Funds under management are now at $192bn.
During the same period, the ASX 200 index increased slightly, although the Future Fund did outperform the ASX 200 on an annual basis, with a return of -3 per cent compared to -8 per cent for the 12 months to September 30, 2022.
“The exceptional monetary and fiscal stimulus of the last few years is being withdrawn, reducing asset prices and introducing much more volatility,” Future Fund chairman Peter Costello said on Wednesday.
“The board continues to take a prudent approach to positioning the portfolio. We are focused on sustaining a portfolio that is as robust as possible to a range of scenarios, and that balances our risk and return objectives.
“We expect that real returns will continue to be much lower than in recent decades.”
Global stocks, bonds and currency markets experienced high volatility during the quarter as a flow-on from high inflation and the subsequent central bank interest rate rises, as well as increased risk of recession in most developed countries.

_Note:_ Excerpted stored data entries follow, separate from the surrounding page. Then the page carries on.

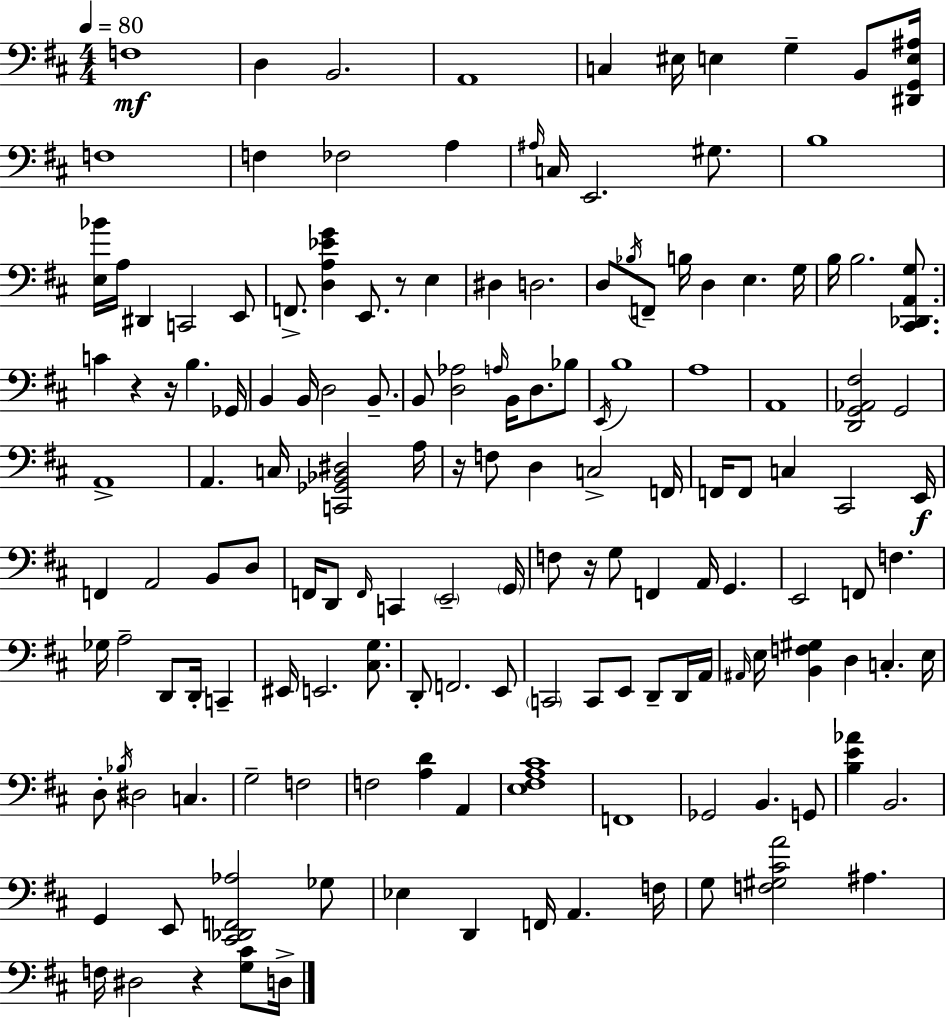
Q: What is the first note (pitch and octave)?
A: F3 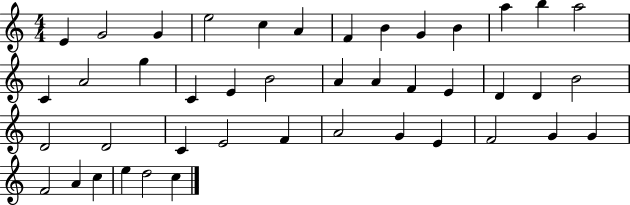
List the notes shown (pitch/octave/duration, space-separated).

E4/q G4/h G4/q E5/h C5/q A4/q F4/q B4/q G4/q B4/q A5/q B5/q A5/h C4/q A4/h G5/q C4/q E4/q B4/h A4/q A4/q F4/q E4/q D4/q D4/q B4/h D4/h D4/h C4/q E4/h F4/q A4/h G4/q E4/q F4/h G4/q G4/q F4/h A4/q C5/q E5/q D5/h C5/q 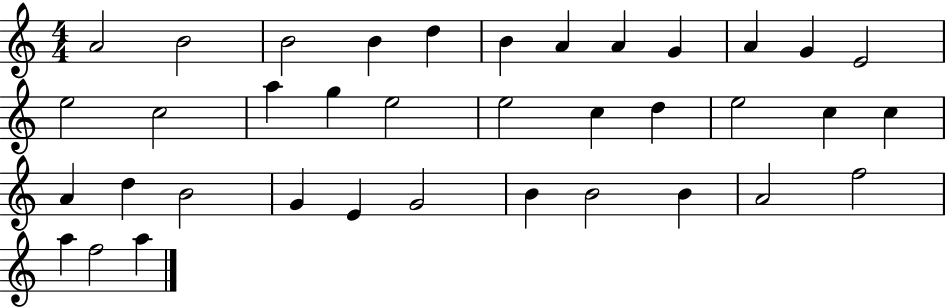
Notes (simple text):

A4/h B4/h B4/h B4/q D5/q B4/q A4/q A4/q G4/q A4/q G4/q E4/h E5/h C5/h A5/q G5/q E5/h E5/h C5/q D5/q E5/h C5/q C5/q A4/q D5/q B4/h G4/q E4/q G4/h B4/q B4/h B4/q A4/h F5/h A5/q F5/h A5/q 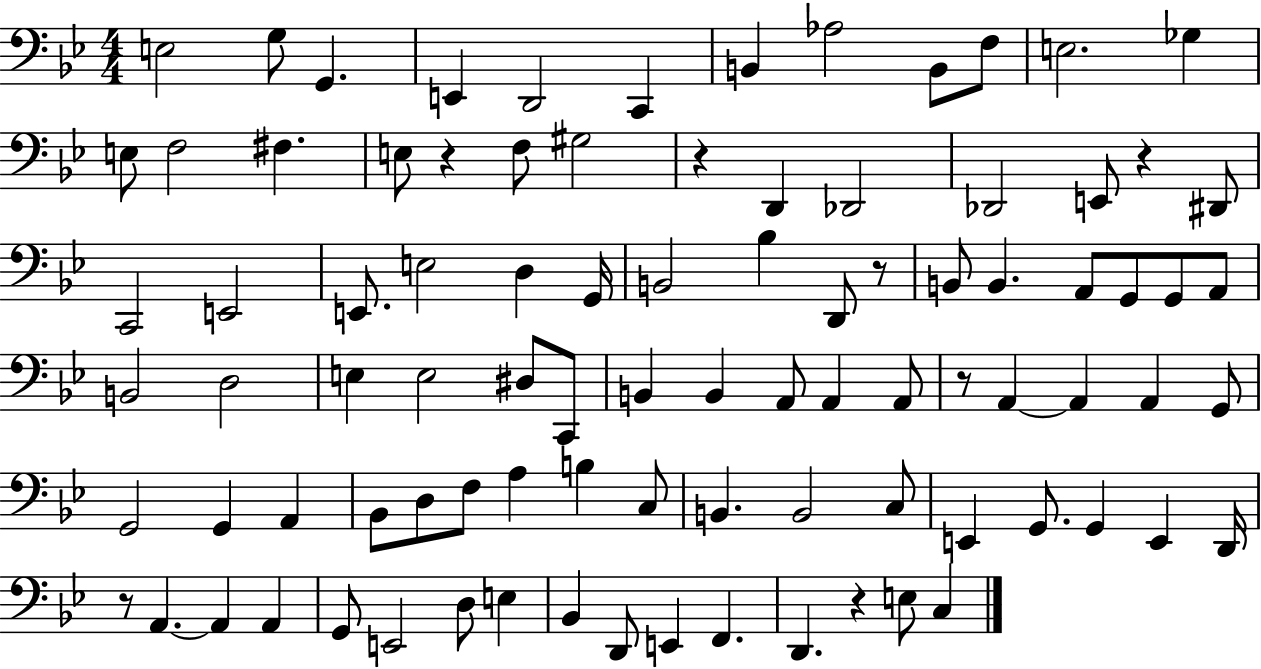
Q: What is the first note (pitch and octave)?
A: E3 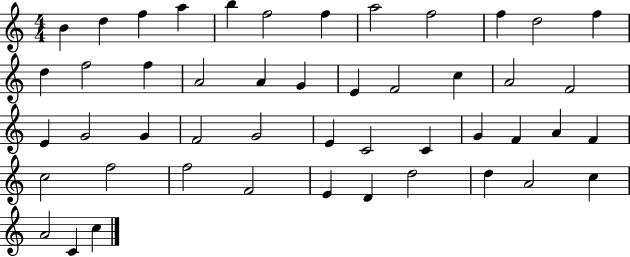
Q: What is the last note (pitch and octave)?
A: C5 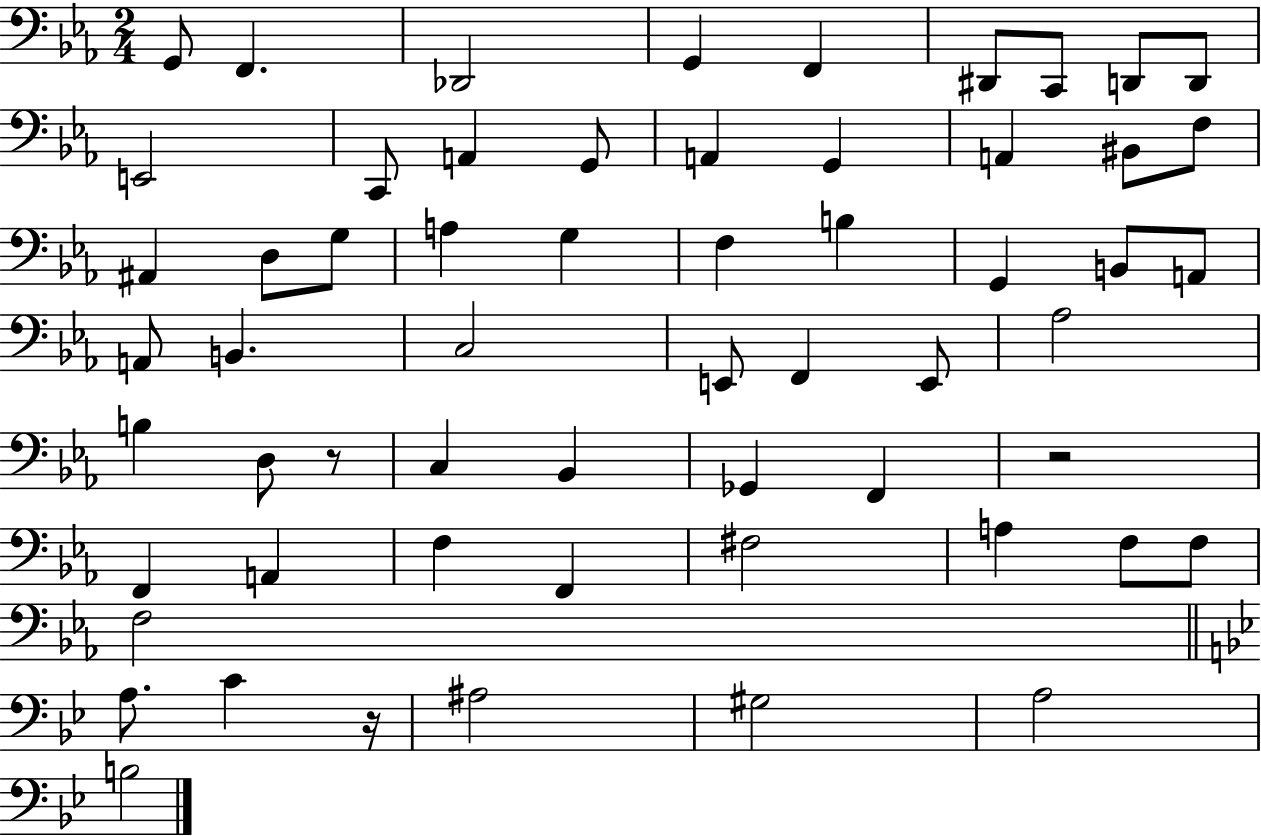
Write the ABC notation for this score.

X:1
T:Untitled
M:2/4
L:1/4
K:Eb
G,,/2 F,, _D,,2 G,, F,, ^D,,/2 C,,/2 D,,/2 D,,/2 E,,2 C,,/2 A,, G,,/2 A,, G,, A,, ^B,,/2 F,/2 ^A,, D,/2 G,/2 A, G, F, B, G,, B,,/2 A,,/2 A,,/2 B,, C,2 E,,/2 F,, E,,/2 _A,2 B, D,/2 z/2 C, _B,, _G,, F,, z2 F,, A,, F, F,, ^F,2 A, F,/2 F,/2 F,2 A,/2 C z/4 ^A,2 ^G,2 A,2 B,2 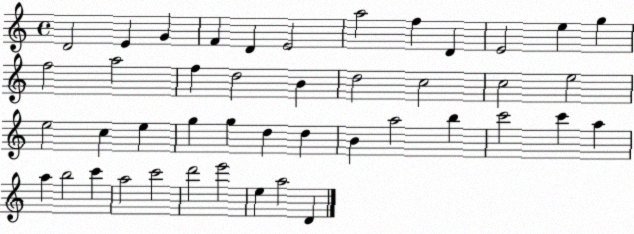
X:1
T:Untitled
M:4/4
L:1/4
K:C
D2 E G F D E2 a2 f D E2 e g f2 a2 f d2 B d2 c2 c2 e2 e2 c e g g d d B a2 b c'2 c' a a b2 c' a2 c'2 d'2 e'2 e a2 D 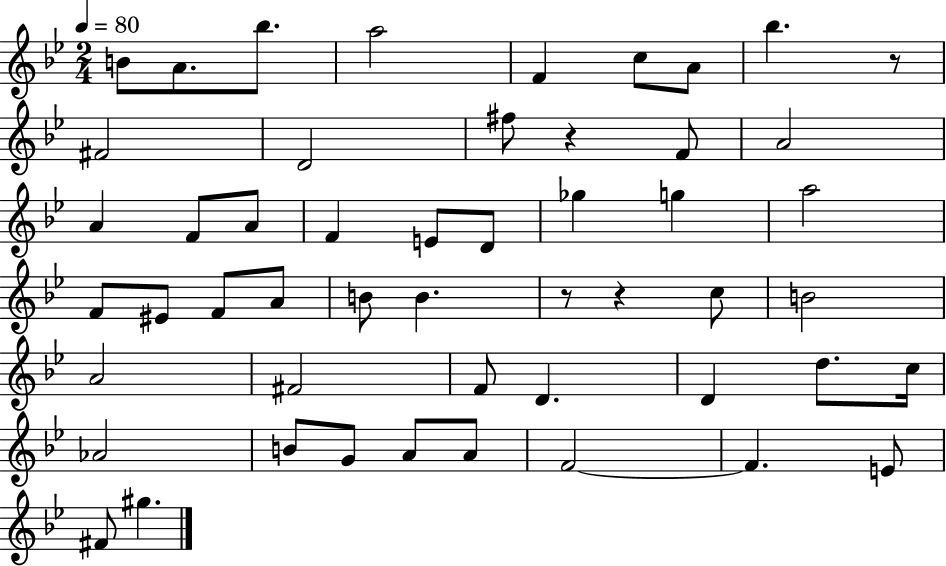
B4/e A4/e. Bb5/e. A5/h F4/q C5/e A4/e Bb5/q. R/e F#4/h D4/h F#5/e R/q F4/e A4/h A4/q F4/e A4/e F4/q E4/e D4/e Gb5/q G5/q A5/h F4/e EIS4/e F4/e A4/e B4/e B4/q. R/e R/q C5/e B4/h A4/h F#4/h F4/e D4/q. D4/q D5/e. C5/s Ab4/h B4/e G4/e A4/e A4/e F4/h F4/q. E4/e F#4/e G#5/q. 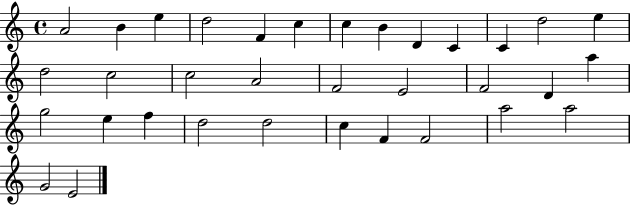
A4/h B4/q E5/q D5/h F4/q C5/q C5/q B4/q D4/q C4/q C4/q D5/h E5/q D5/h C5/h C5/h A4/h F4/h E4/h F4/h D4/q A5/q G5/h E5/q F5/q D5/h D5/h C5/q F4/q F4/h A5/h A5/h G4/h E4/h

Over all portfolio changes for the quarter compared with the previous corresponding period showed an increasing shift to alternatives, up to 18.4 per cent from 13.4 per cent, an increase in private equity from 17.3 per cent to 18.2 per cent, and an increase in Australian equities from 8.1 per cent to 8.3 per cent.
During the same period the portion of the portfolio moving in cash fell to 9.7 per cent from 15 per cent and global equities also fell during that period.
The Future Fund considers its portfolio on a 10-year basis and said that during this period it produced a return of 9.2 per cent per annum against a target of 6.6 per cent. “Looking ahead, key issues will be the extent of monetary policy tightening required to achieve inflation targets, how markets will respond to tightening measures, and the impact of fiscal policy measures on global financial systems,” said Mr Costello. “Ongoing geopolitical tensions also continue to pose risks to investors.”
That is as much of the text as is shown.